Voir sous les jeux de dupes des filles
Cette adaptation de l’ultime film d’Alain Corneau, "Crime d’amour" (2010), est, dans ses grands axes, plutôt fidèle à son modèle. Les jeux de dupes auxquels se prêtent les deux héroïne l’une envers l’autre sont respectés à la lettre mais, là où l’original s’achevait sur un pied-de-nez cynique, le remake joue les prolongations pour porter le film un cran plus haut dans la manipulation. Une manière d’exploiter au mieux toutes les potentialités d’un scénario qui assume ses invraisemblances.
Car cette histoire de publicitaires, l’une étant l’employée de l’autre, se renvoyant caresse pour caresse et coup bas pour coup bas, n’est jamais vraiment crédible.
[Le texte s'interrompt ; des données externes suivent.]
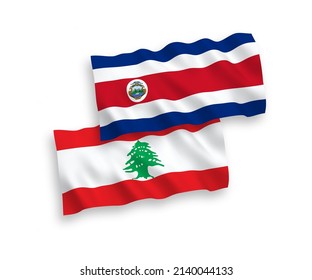 National vector fabric wave flags of Republic of Costa Rica and Lebanon isolated on white background. 1 to 2 proportion.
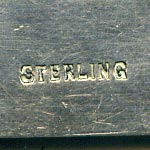 This bookmark was made in the US by an unknown manufacturer. It is marked sterling on the back. The top has grasshopper in a different metal, possibly gold.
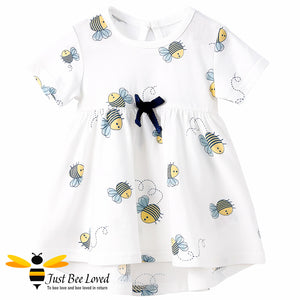 Baby girl white cotton summer swing dress featuring an all over pretty little bees print decorated with a coordinating navy bow.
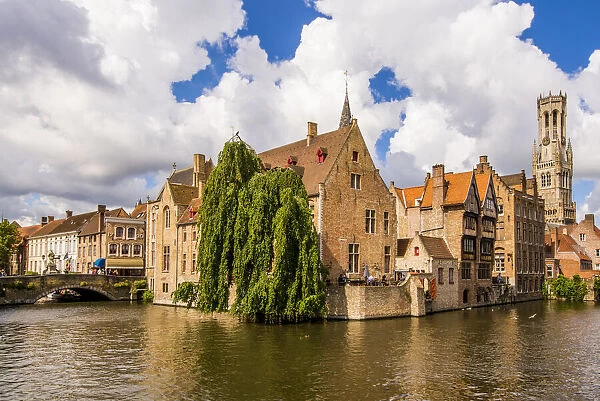 Rozenhoedkaai canal with Belfort tower, Bruges, West Flanders, Belgium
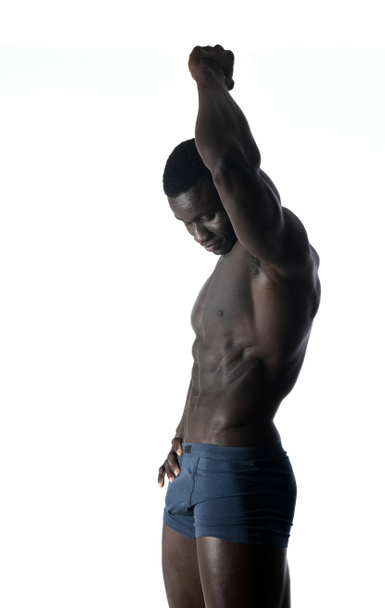 portrait of a muscular man on white background - Valokuva, kuva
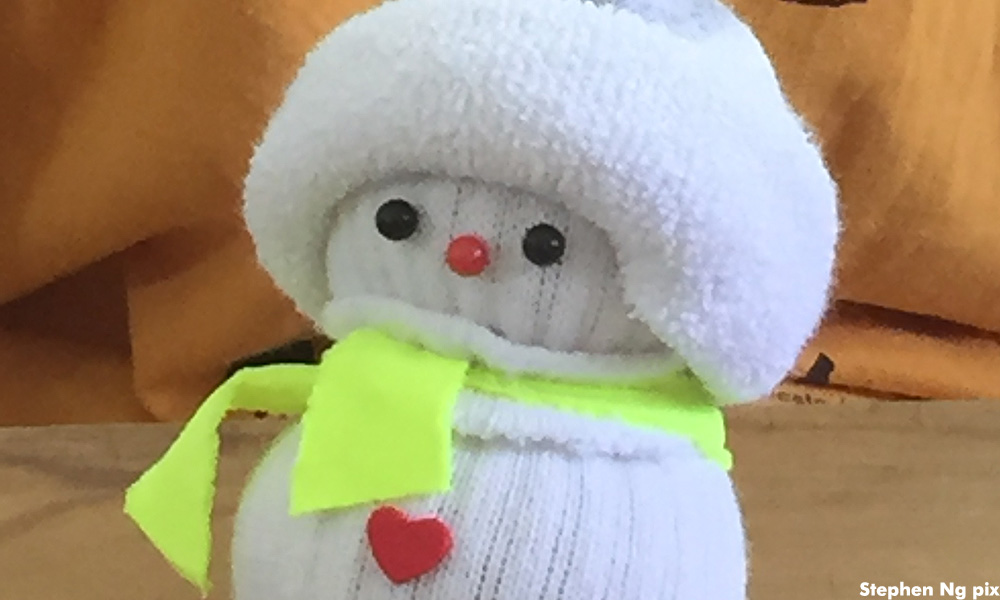 ‘Turning socks into snowmen’ project teaches young about charity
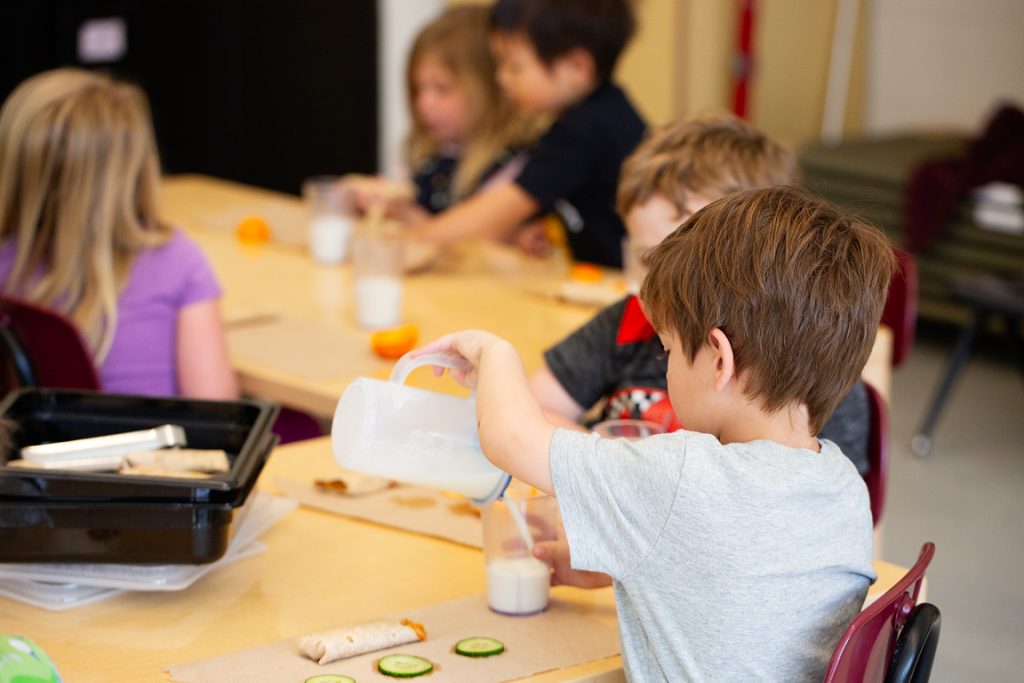 A young boy pours milk from a pitcher while seated at a lunch table with other children.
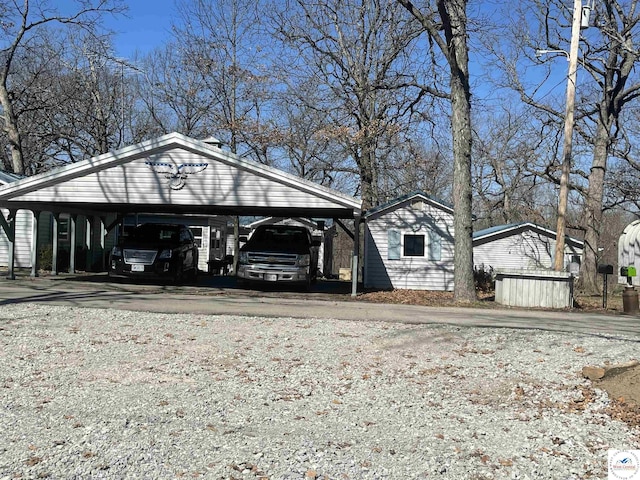 exterior space featuring a carport and driveway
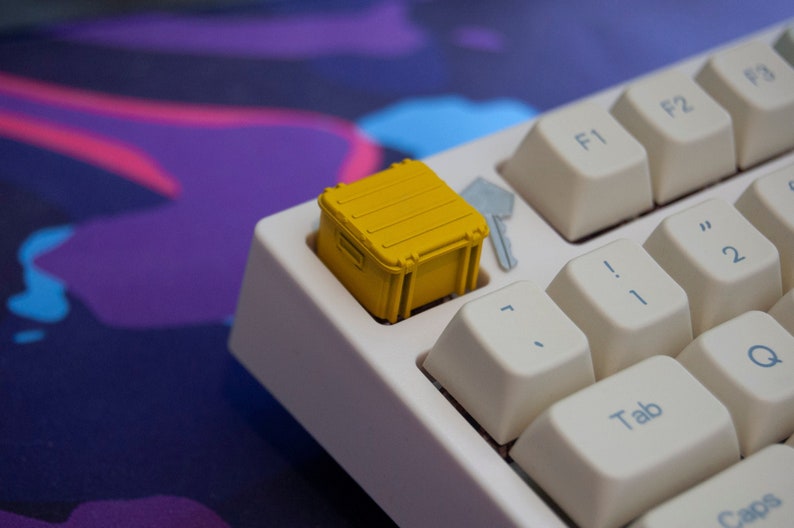 May include: A yellow keycap shaped like a small, rectangular container with a latch. The keycap is on a white keyboard with keys labelled 'Tab', 'Q', '2', '!', 'F1', and 'F2'.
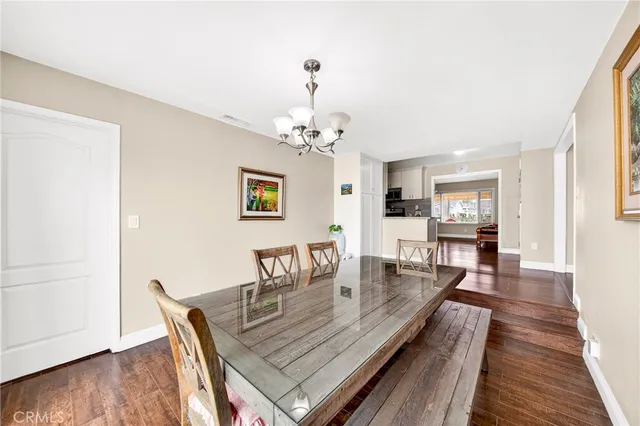 a dining room with wooden floor a chandelier a wooden table and chairs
Et la défense de la subalterne accusée du meurtre de sa boss, est un modèle de manipulation casse-cou comme on n’en voit qu’au cinéma (dans "L’invraisemblable vérité" de Fritz Lang, 1956, par exemple). Mais ces audaces s’amalgament et leur addition se savoure comme un bon roman de gare. L’intrigue tient du soap opera mais la mise en scène la sublime. Brian de Palma se plaît lui même à manipuler le spectateur en jouant sur ses perceptions. Il compose chaque plan de manière à lui faire prendre des vessies pour des lanternes. La scène du meurtre, amenée par un split-screen, en est le meilleur – et le plus flagrant – exemple.
Pour une fois, ce sont les hommes qui sont cantonnés à des rôles secondaires, de faire valoir. "Passion" est une histoire de femmes qui s’admirent, s’aiment (l’homosexualité latente dans le film de Corneau s’exprime ici plus clairement), se détestent et se tuent. Désir charnel, envies de meurtres : tout est une question de fantasmes.